Viagem entre Feira e Serrinha segue como calvário

Apenas 65 quilômetros separam Feira de Santana de Serrinha através da BR 116 Norte. O intercâmbio entre as duas cidades é intenso: muita gente sai daquela cidade para fazer compras e acessar serviços por aqui, em função dos preços mais em conta; outros buscam atendimento especializado na área de saúde; há aqueles que residem numa cidade e trabalham na outra, robustecendo o fluxo entre as duas localidades; estudantes de Serrinha são alunos da Uefs e de outras instituições de ensino superior feirenses; e não falta quem resida na Feira de Santana, mas frequente o campus da Uneb lá em Serrinha, como estudante.

A rodovia, que corta a vegetação agreste que se descortina em direção ao norte, foi construída décadas atrás, servindo para interligar o Nordeste às demais regiões do país. Nasceu da proposta de integração regional, com o objetivo de viabilizar a circulação de mercadorias, pessoas e dinamizar a economia brasileira.
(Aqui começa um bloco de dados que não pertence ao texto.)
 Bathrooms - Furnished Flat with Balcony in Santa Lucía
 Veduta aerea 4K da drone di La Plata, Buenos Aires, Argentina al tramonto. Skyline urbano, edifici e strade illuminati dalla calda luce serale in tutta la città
À época, carros de passeio eram raros: os caminhões constituíam os veículos mais frequentes.

“A BR 116 Norte se tornou, dessa forma, quase uma via urbana, com movimento intenso e constantes engarrafamentos no início da manhã ou nos finais de tarde.”
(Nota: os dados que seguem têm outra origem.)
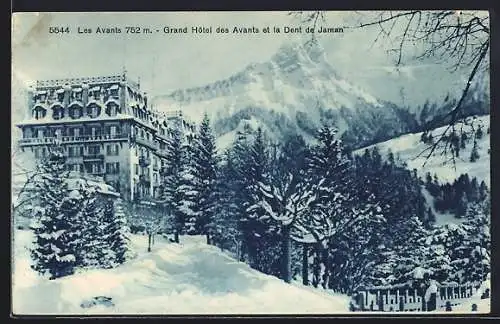 AK Les Avants, Grand Hotel des Avants et la Dent de Jaman en hiver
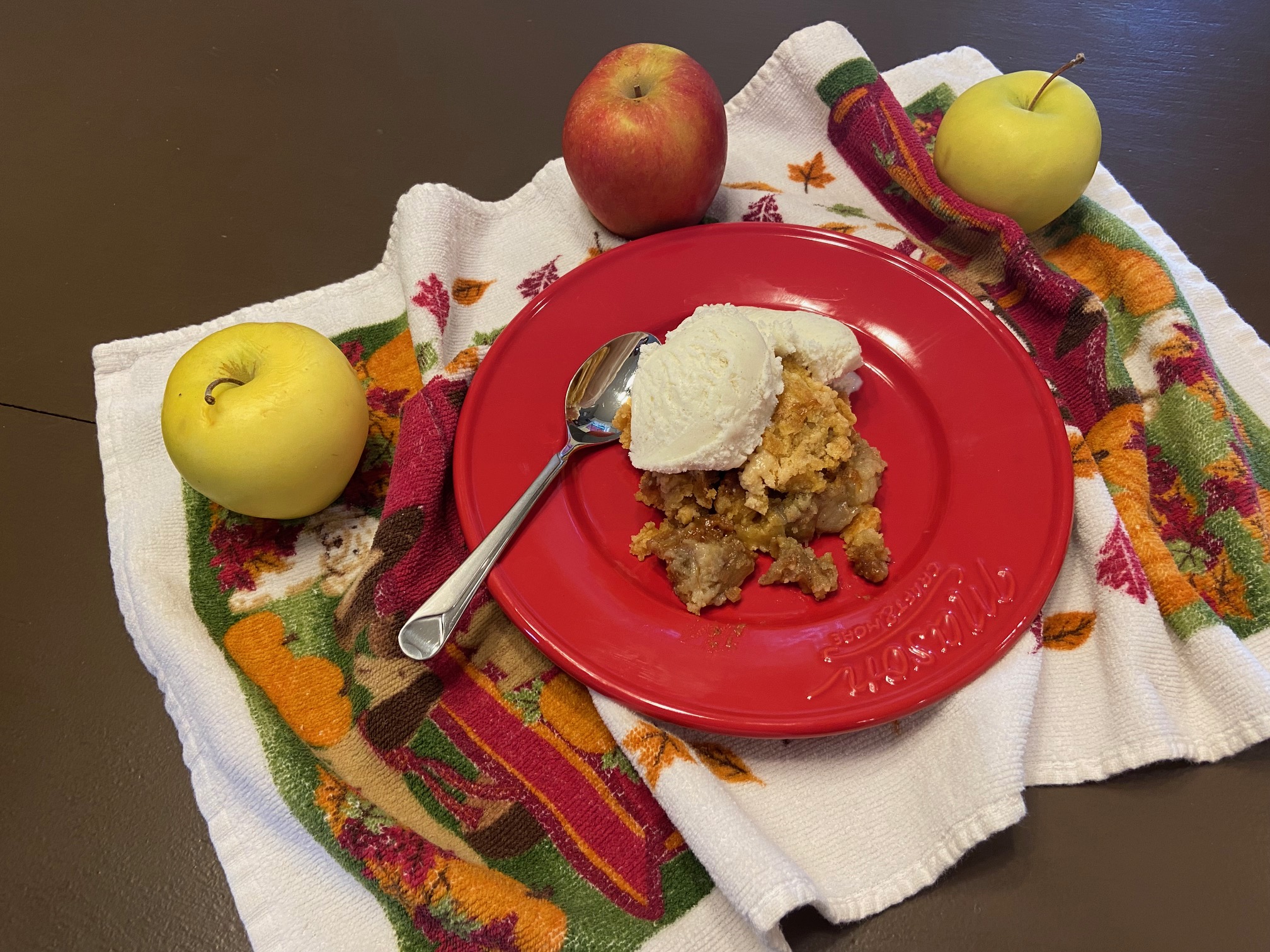 Gooey Caramel Apple Dump Cake Recipe 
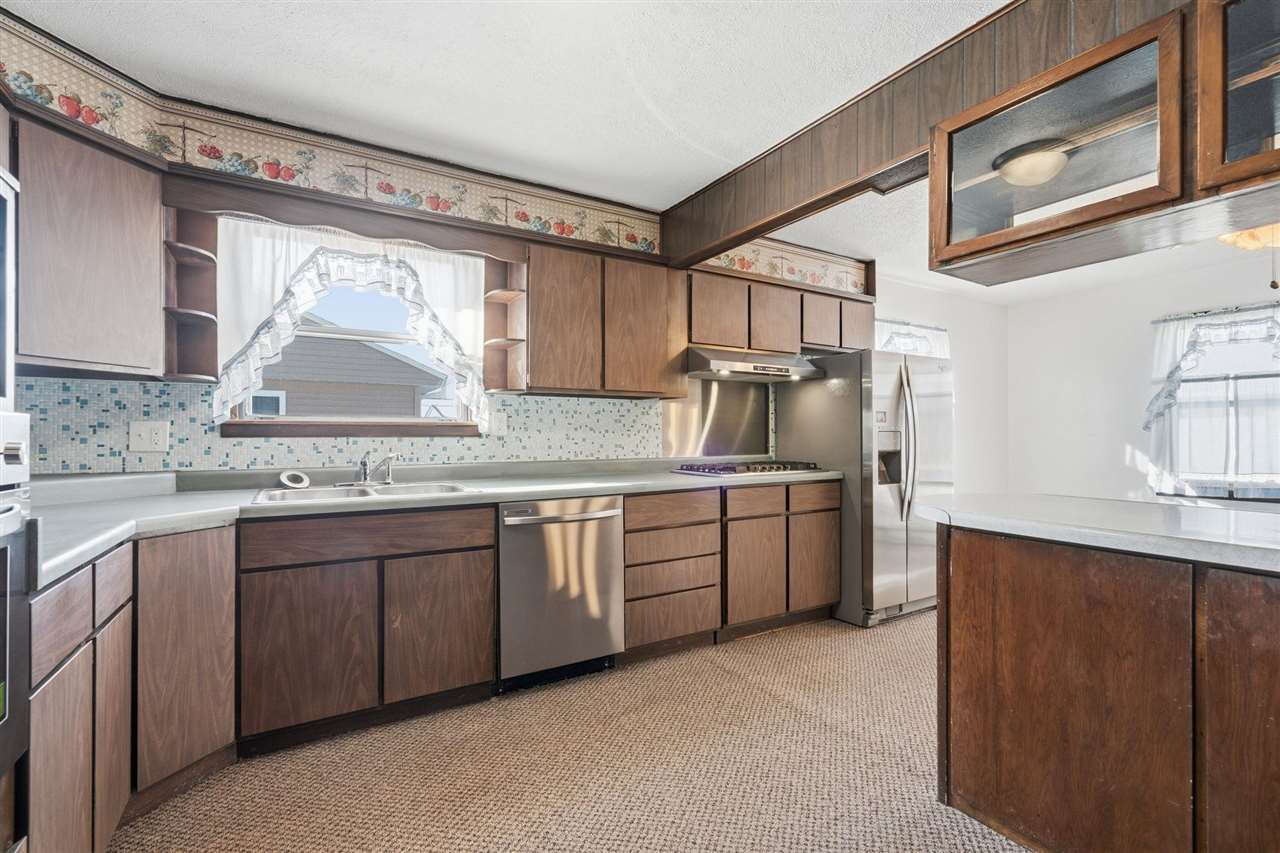 3821 Oakland Road NE Cedar Rapids IA 52402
Hoje tudo mudou. As cidades evoluíram, a população se adensou, as necessidades se diversificaram e a relativa prosperidade multiplicou de maneira vertiginosa a quantidade de veículos. A BR 116 Norte se tornou, dessa forma, quase uma via urbana, com movimento intenso e constantes engarrafamentos no início da manhã ou nos finais de tarde. Percorrê-la exige paciência dos motoristas, que desperdiçam preciosos minutos para vencer trechos curtos.
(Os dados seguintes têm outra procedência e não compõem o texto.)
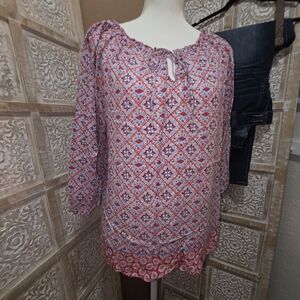 Women's Geometric Print Top - Pink and Red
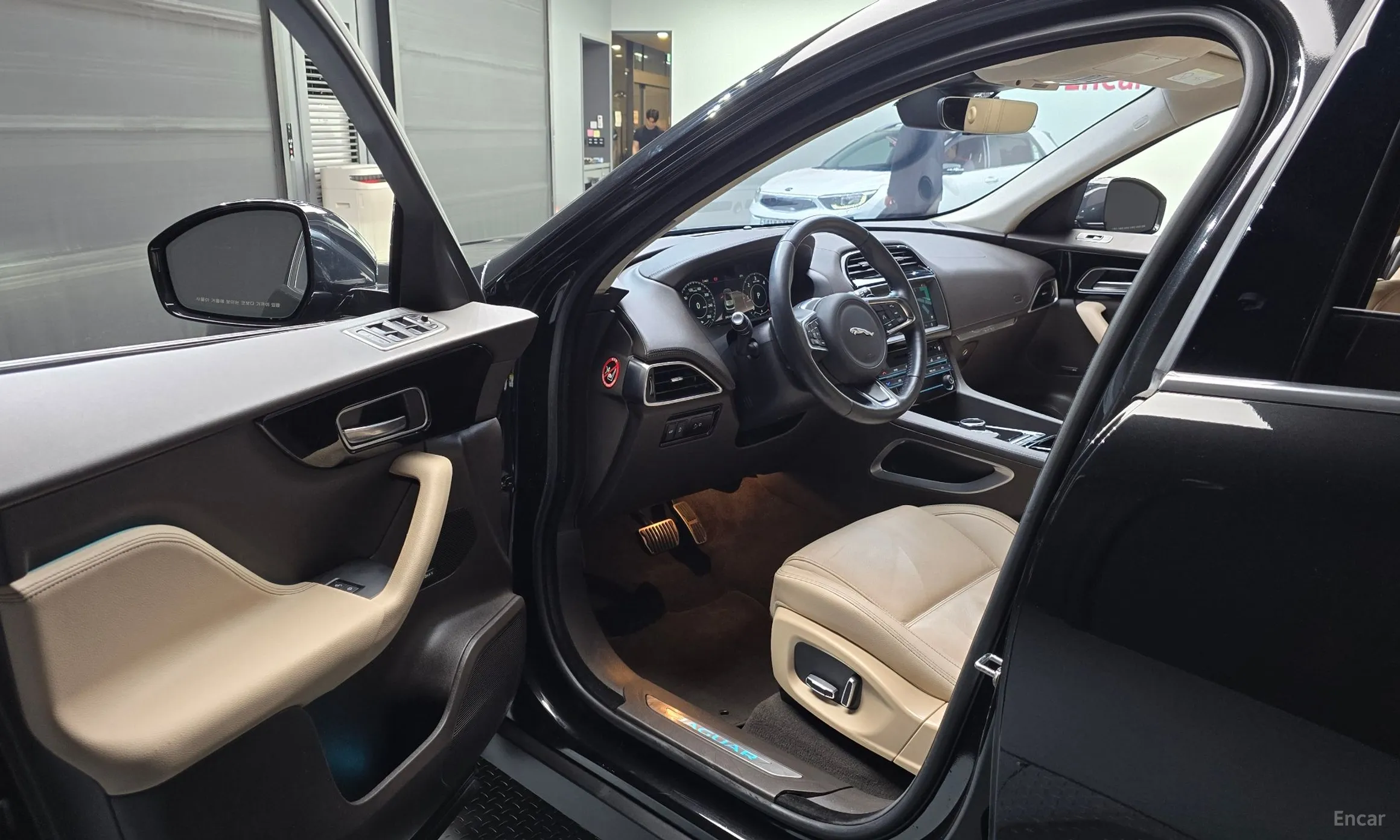 Jaguar F-PACE превью 10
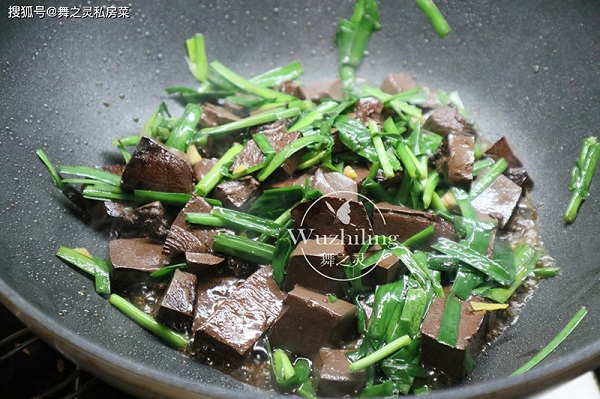 Tiết heo xào siêu bổ dưỡng mà chỉ chưa đến 20 nghìn đồng - Hình 3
Na Feira de Santana os problemas começam assim que o viajante entra na avenida Transnordestina, trecho urbano da BR 116. A via, margeada por bairros populosos, pontuada por oficinas mecânicas e lojas de autopeças é caracterizada pelo trânsito caótico. Apesar da passarela na Cidade Nova e dos semáforos, reina o caos e, nos fins de tarde, avolumam-se os pontos de retenção. Indisciplinados, pedestres, ciclistas e motociclistas contribuem para tornar a circulação por ali ainda mais arriscada.

Distritos

Estrada Feira-Serrinha

O cenário urbano só vai se diluindo depois da Uefs e do bairro Novo Horizonte. Mas o trânsito permanece intenso, já que comunidades importantes da Feira de Santana se conectam à sede do município pela BR 116: os distritos Maria Quitéria, Matinha e Tiquaruçu e uma infinidade de comunidades rurais. Toda manhã o ir e vir é intenso por ali. Só depois do entroncamento que liga ao município de Tanquinho – muitos quilômetros adiante – é que os congestionamentos se diluem. Até lá, o sacrifício imposto aos viajantes é imenso.

A demanda pela duplicação da rodovia é antiga: governantes entram e saem, aqui e lá em Brasília, prometendo “gestões” e “esforços” para viabilizar a ansiada duplicação. Mas, como se vê, apesar de toda a retórica, sequer se sabe da existência de um projeto, quiçá de estudos mais aprofundados. Nem nos tempos de bonança econômica – cujas lembranças já vão se diluindo com o passar dos anos – a iniciativa ganhou fôlego.

“É provável, portanto, que os engarrafamentos sigam, intermináveis, nos próximos anos.”

Meses atrás, no início do ano, Michel Temer (PMDB-SP), o mandatário de Tietê, saiu com a promessa de duplicação da sinuosa e arriscada BR 101, no trecho até o município de Alagoinhas. Sobre a BR 116 Norte, foi anunciado o “interesse” em avaliar a obra. Essas promessas foram feitas ao prefeito José Ronaldo de Carvalho (DEM), e ao vice, Colbert Martins (PMDB), numa audiência em Brasília.

Com relação à obra da BR 101, a promessa foi de início quase instantâneo, com a assinatura da ordem de serviço prometida para fevereiro passado. Sobre a BR 116 Norte, não se passou da referência ao “interesse”. É claro que não vai passar disso: sem legitimidade, sem projeto e com rombos abissais nas contas públicas, Michel Temer não deve ir muito além da cartorial e burocrática declaração de “interesse”. A própria obra na BR 101 – igualmente fundamental para a região – também não anima.
É provável, portanto, que os engarrafamentos sigam, intermináveis, nos próximos anos, com o acúmulo de prejuízos materiais – tempo, combustível, desgaste nos veículos – e humanos, já que acidentes costumam ser corriqueiros, com registros de mortos e feridos.